Wenn die USA alle Protektionsbestimmungen gegen die EU aufheben würden, könnten sie gleich morgen bei der Weltbank den Staatsbankrott anmelden.

Die EU ist in einer viel zu starken Position. Der Binnenhandel hat hier eine weit höhere Bedeutung als irgendwo sonst auf der Welt. Der Euro ist noch etwas eher real bewertet, während der Dollar trotz künstlicher Abwertung gegenüber dem Euro immer noch durch riesige international verteilte Devisenreserven gestützt werden muss. Der EU-Außenhandel mit Osteuropa und Asien ist jetzt schon viel wichtiger als der mit den USA.

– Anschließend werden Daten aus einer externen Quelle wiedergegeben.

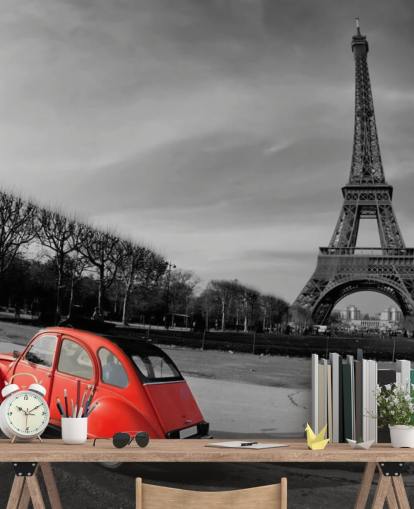 black and white photo of eiffel tower and red vintage car wallpaper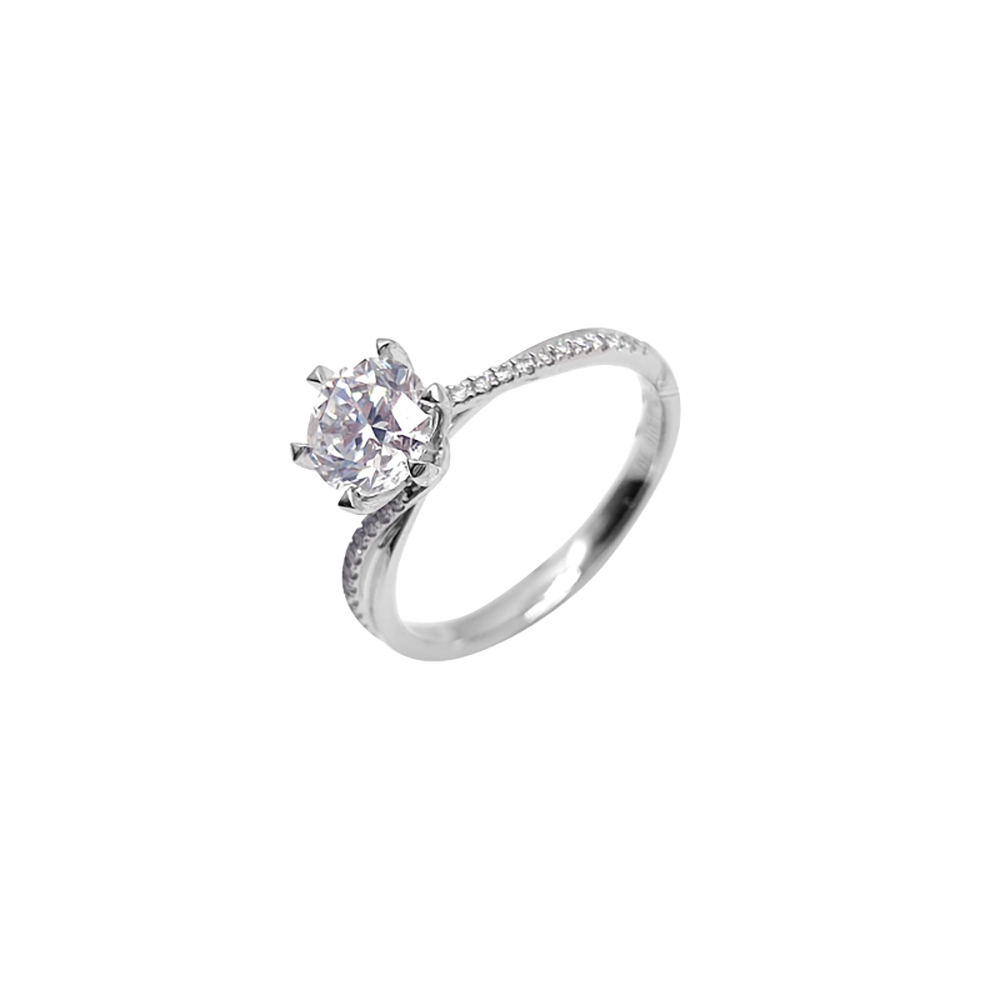 Affection Twisted Band White Lab Grown Diamond in 18K White Gold Ring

Ob uns das im einzelnen passt oder nicht: unsere künftigen Wirtschafts- und Handelspartner sind in Osteuropa, Asien und Lateinamerika. Was nicht heißen soll, dass die EU ihre Bemühungen auf eine Verbesserung der Handelsbeziehungen mit den USA einstellen soll.

Man sollte lediglich auf eine weitere Verschlechterung diesbezüglich vorbereitet sein, die im Bereich des möglichen liegt.


Vielfältig wurde in der öffentlichen Diskussion mit einer Gegenüberstellung des guten Wirtschaftswachstums in den USA im Vergleich zu Deutschland argumentiert. Im Zusammenhang mit der täglich geführten, unsäglichen „Standortdebatte“ war hier auch täglich von den im Vergleich zu den USA angeblich zu hohen Steuern und Sozialabgaben die Rede. Seit der schweren Finanzkrise scheint die Kritik am deutschen Steuer- und Sozialsystem jedoch zunehmend zu verstummen. Die gegenwärtig in den USA herrschenden Zustände wünscht sich hier kaum jemand ernsthaft herbei.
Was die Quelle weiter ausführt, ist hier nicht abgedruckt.